ABOUT THIS EXERCISE
How many lines of the data include the string "highlighting"? State the number and nothing else.

GIVEN DATA
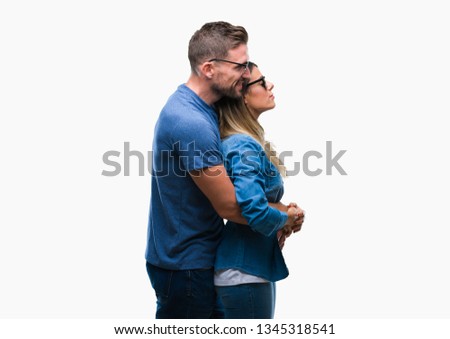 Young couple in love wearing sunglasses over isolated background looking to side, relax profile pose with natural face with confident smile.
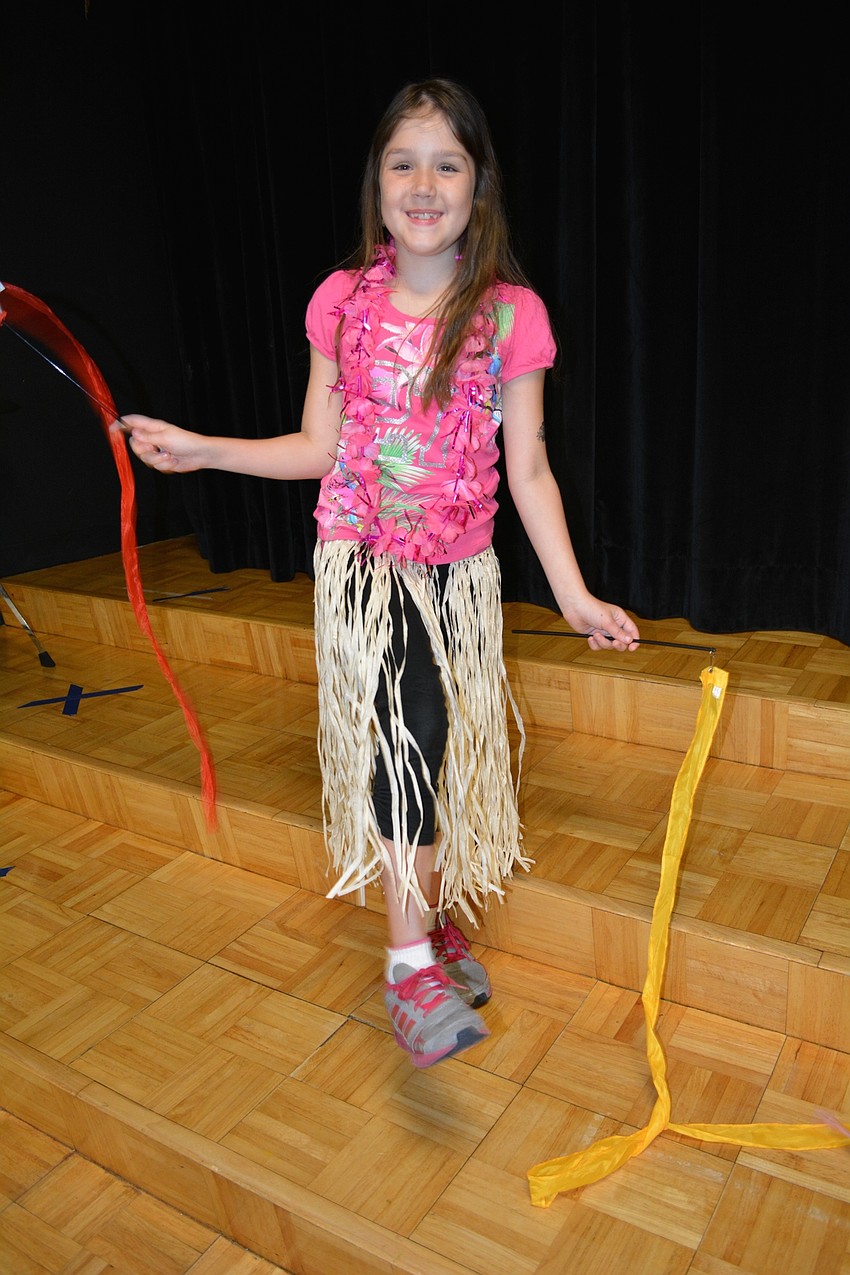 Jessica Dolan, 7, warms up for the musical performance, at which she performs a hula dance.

==

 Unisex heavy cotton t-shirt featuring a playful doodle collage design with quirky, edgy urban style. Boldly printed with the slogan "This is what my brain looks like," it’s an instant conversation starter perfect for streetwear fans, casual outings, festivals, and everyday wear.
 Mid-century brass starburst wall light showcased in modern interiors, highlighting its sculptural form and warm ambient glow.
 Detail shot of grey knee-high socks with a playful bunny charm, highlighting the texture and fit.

ANSWER FOR THIS EXERCISE
2